Sunday, November 7, 2010

Database Normalization

What is Normalization?
Normalization is the process of efficiently organizing data in database. There are two goals of the normalization process.
          1. Eliminating redundant data (For example, storing the same data in more than one table).
          2. Ensuring data dependencies make sense (Only storing related data in a table).
The Normal Forms      
The database community has developed series of guidelines for ensuring those databases are normalized. These are referred to as normal forms and numbered for one through five.
          1. First Normal Form (1NF)
          First normal form (1NF) sets the very basic rules for an organized database.                                          
  •  Eliminate duplicative columns from the same table.
  • Create separate tables for each group of related data and identify each row with a unique column or set of columns.
For example, if an address attribute is considered atomic for given application, not including the city as part of the address would violate the first normal form.
2. Second Normal Form (2NF)
Second normal form (2NF) further addresses the concept of removing duplicative data
  •  Meet all the requirements of the first normal form.
  •  Remove subsets of data that apply to multiple rows of a table and place them in separate tables.
  •  Create relationships between these new tables and their predecessors through the use of foreign key.
As an example of violating the second normal form, suppose that you define a relation called order that represents information about order and order details. The order relation contains the following attributes: orderid, productid, orderdate, qty, customerid, and companyname. The primary key is defined on ordered and productid.

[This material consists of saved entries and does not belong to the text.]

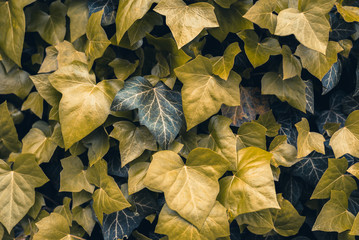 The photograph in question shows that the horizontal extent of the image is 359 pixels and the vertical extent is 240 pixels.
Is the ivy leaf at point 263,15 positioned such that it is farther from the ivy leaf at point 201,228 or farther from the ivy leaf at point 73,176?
the ivy leaf at point 73,176

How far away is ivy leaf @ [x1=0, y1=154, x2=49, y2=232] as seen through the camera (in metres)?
1.12

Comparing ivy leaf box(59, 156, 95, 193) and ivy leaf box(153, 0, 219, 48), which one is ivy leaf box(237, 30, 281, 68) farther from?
ivy leaf box(59, 156, 95, 193)

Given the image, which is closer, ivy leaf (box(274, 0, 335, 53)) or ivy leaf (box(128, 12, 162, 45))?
ivy leaf (box(274, 0, 335, 53))

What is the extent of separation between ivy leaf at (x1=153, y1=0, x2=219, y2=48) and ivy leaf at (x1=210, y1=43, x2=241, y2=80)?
0.29ft

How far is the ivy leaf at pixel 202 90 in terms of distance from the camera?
3.06 feet

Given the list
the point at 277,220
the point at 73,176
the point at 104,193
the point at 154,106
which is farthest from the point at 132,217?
the point at 277,220

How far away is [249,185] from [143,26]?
56cm

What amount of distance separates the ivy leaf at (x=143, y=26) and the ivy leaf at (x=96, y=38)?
0.25ft

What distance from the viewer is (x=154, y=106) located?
979 mm

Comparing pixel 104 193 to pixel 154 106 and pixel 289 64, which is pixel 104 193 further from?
pixel 289 64

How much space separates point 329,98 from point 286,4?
40 cm

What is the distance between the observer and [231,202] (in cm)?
97

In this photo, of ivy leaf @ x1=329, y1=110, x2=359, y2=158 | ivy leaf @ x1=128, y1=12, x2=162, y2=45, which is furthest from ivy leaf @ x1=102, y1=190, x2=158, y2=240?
ivy leaf @ x1=329, y1=110, x2=359, y2=158

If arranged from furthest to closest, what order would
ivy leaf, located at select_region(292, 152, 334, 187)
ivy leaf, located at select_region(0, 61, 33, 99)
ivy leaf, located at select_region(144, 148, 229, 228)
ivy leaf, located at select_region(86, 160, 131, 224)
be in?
ivy leaf, located at select_region(0, 61, 33, 99)
ivy leaf, located at select_region(292, 152, 334, 187)
ivy leaf, located at select_region(86, 160, 131, 224)
ivy leaf, located at select_region(144, 148, 229, 228)
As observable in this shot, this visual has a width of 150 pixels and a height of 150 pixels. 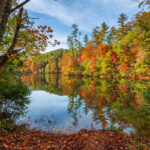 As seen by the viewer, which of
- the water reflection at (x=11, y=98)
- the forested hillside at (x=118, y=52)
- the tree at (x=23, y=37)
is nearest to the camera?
the tree at (x=23, y=37)

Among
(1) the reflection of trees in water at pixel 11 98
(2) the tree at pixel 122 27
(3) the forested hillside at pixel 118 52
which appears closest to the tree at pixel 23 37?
(1) the reflection of trees in water at pixel 11 98

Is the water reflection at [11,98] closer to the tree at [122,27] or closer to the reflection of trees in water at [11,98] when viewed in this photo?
the reflection of trees in water at [11,98]

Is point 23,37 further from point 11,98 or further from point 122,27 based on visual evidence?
point 122,27

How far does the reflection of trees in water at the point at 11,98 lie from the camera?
625cm

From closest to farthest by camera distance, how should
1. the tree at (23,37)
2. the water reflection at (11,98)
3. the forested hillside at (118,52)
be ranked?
the tree at (23,37), the water reflection at (11,98), the forested hillside at (118,52)

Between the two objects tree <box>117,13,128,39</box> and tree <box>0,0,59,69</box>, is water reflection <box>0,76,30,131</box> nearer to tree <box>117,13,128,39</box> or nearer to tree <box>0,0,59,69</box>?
tree <box>0,0,59,69</box>

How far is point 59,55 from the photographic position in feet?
297

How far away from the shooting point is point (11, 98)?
6.49 meters

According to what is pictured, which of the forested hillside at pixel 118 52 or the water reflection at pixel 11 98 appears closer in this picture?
the water reflection at pixel 11 98

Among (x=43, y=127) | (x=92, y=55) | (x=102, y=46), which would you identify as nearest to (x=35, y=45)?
(x=43, y=127)

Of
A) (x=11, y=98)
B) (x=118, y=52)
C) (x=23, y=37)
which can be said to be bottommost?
(x=11, y=98)

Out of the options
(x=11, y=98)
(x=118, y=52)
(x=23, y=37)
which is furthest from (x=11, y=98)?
(x=118, y=52)

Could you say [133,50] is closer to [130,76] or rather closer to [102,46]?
[130,76]

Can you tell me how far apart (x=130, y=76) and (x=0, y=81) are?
100ft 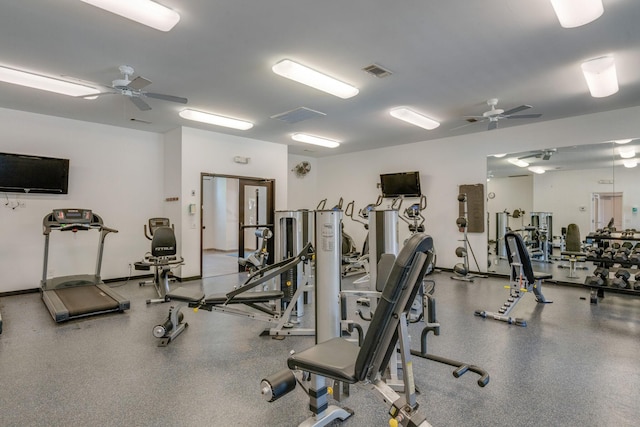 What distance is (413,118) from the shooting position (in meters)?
5.66

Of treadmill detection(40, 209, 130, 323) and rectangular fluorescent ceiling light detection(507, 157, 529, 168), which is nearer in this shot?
treadmill detection(40, 209, 130, 323)

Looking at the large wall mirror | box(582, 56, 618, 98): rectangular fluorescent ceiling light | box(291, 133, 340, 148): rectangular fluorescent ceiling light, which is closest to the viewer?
box(582, 56, 618, 98): rectangular fluorescent ceiling light

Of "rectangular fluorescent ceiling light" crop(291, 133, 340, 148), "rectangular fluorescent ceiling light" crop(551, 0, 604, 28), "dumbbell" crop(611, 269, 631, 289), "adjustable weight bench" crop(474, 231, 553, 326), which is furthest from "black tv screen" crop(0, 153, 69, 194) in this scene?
"dumbbell" crop(611, 269, 631, 289)

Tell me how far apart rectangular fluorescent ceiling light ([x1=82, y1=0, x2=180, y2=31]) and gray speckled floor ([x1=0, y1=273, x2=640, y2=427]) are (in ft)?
9.29

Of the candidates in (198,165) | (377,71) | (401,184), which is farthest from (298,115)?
(401,184)

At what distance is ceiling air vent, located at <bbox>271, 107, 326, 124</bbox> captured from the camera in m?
5.17

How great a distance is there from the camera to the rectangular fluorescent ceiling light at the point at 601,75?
3.59 meters

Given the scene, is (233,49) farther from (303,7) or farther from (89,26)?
(89,26)

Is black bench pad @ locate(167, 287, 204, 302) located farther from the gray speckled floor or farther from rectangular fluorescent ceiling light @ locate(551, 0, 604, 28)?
rectangular fluorescent ceiling light @ locate(551, 0, 604, 28)

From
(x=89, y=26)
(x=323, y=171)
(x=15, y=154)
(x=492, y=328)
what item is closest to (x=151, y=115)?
(x=15, y=154)

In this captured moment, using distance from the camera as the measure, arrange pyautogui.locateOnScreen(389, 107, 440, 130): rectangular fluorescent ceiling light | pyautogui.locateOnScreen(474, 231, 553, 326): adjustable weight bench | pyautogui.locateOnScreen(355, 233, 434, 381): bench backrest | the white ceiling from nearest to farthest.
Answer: pyautogui.locateOnScreen(355, 233, 434, 381): bench backrest → the white ceiling → pyautogui.locateOnScreen(474, 231, 553, 326): adjustable weight bench → pyautogui.locateOnScreen(389, 107, 440, 130): rectangular fluorescent ceiling light

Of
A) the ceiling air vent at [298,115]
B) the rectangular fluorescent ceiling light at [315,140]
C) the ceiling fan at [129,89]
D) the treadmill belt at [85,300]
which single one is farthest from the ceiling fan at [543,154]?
the treadmill belt at [85,300]

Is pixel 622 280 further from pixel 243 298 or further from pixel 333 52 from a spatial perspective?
pixel 243 298

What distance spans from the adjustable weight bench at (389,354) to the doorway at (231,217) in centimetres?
503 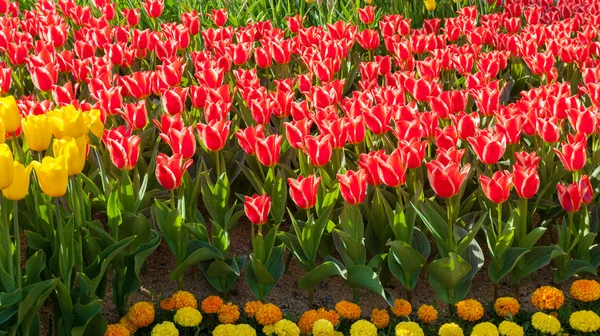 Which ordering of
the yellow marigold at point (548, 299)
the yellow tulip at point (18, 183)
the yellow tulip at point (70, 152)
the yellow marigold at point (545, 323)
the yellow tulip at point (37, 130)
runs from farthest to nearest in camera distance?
the yellow marigold at point (548, 299) < the yellow marigold at point (545, 323) < the yellow tulip at point (37, 130) < the yellow tulip at point (70, 152) < the yellow tulip at point (18, 183)

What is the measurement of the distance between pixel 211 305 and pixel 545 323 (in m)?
1.09

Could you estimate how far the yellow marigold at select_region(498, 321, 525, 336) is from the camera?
2619mm

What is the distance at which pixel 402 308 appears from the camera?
278 cm

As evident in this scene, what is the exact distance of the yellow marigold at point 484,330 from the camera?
8.50 feet

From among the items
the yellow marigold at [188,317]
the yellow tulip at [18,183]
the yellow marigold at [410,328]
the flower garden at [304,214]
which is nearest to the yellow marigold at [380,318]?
the flower garden at [304,214]

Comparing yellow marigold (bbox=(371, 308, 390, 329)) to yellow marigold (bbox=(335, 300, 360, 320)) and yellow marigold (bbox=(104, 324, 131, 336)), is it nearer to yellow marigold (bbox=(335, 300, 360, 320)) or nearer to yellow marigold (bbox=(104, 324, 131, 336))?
yellow marigold (bbox=(335, 300, 360, 320))

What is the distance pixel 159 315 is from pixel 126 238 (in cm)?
33

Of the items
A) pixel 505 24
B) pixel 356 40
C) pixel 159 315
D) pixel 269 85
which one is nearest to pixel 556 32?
pixel 505 24

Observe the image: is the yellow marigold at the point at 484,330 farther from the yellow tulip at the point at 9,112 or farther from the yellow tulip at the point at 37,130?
the yellow tulip at the point at 9,112

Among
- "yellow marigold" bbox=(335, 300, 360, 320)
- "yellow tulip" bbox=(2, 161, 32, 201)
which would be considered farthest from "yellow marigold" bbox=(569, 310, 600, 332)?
"yellow tulip" bbox=(2, 161, 32, 201)

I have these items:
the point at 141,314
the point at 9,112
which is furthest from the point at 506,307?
the point at 9,112

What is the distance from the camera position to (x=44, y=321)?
2.90 metres

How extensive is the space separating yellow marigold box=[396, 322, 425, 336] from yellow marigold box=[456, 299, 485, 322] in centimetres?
22

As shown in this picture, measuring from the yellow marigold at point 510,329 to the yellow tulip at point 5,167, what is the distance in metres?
1.55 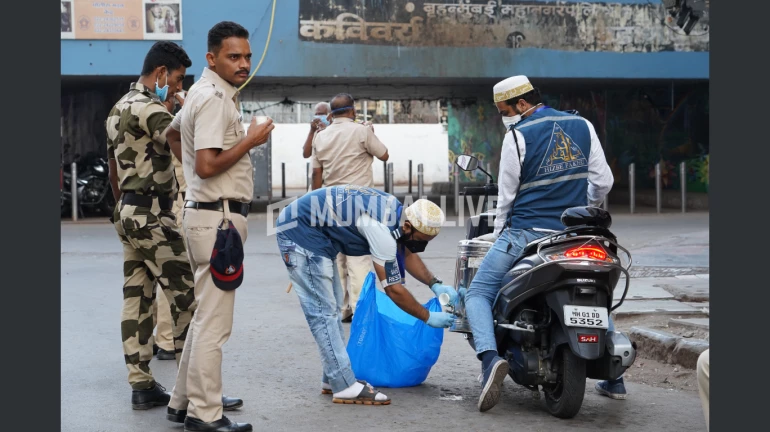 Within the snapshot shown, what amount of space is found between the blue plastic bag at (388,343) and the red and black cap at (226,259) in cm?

 Data model before applying 2NF

The second normal for is violated in above figure. Because there are nonkey attributes that depend only on part of a candidate key (the primary key in this example). For example, you can find the orderdate of order, as well as customerid and companyname, based on the ordered alone. To confirm to the second normal form, you would need to split your original relation into tow relation: Orders and OrderDetails. The Orders relation would include the attributes: ordered, orderdate, customerid and companyname. The primary key is defined on orderid. The OrderDetails relation would include

 Data model after applying 2NF and before 3NF

3. Third Normal Form (3NF)
Third normal form (3NF) goes one large step further:
  •  Meet all the requirements of the second normal form.
  •  Remove columns that are not dependent upon the primary key.
Our Orders and OrderDetails relations now conform to the second normal form. Remember that the Orders relation at this point contains the attributes orderid, orderdate, customerid, and companyname with the primary key defined on orderid. Both customerid and companyname depend on the whole primary key—orderid. For example, you need the whole primary key to find the customerid who placed the order. Similarly, you need the whole primary key to find the company name of the customer who placed the order. However, customerid and companyname are also dependent on each other. To meet the third normal form, you need to add a Customers relation with attributes customerid (primary key) and companyname and remove the companyname attribute from the Orders relation.

Data model after applying 3NF
 
4. Fourth Normal Form (4NF)
Finally, fourth normal form (4NF) has one additional requirement:
  •  Meet all the requirements of the third normal form.
  •  A relation is in 4NF if it has no multi-value dependencies.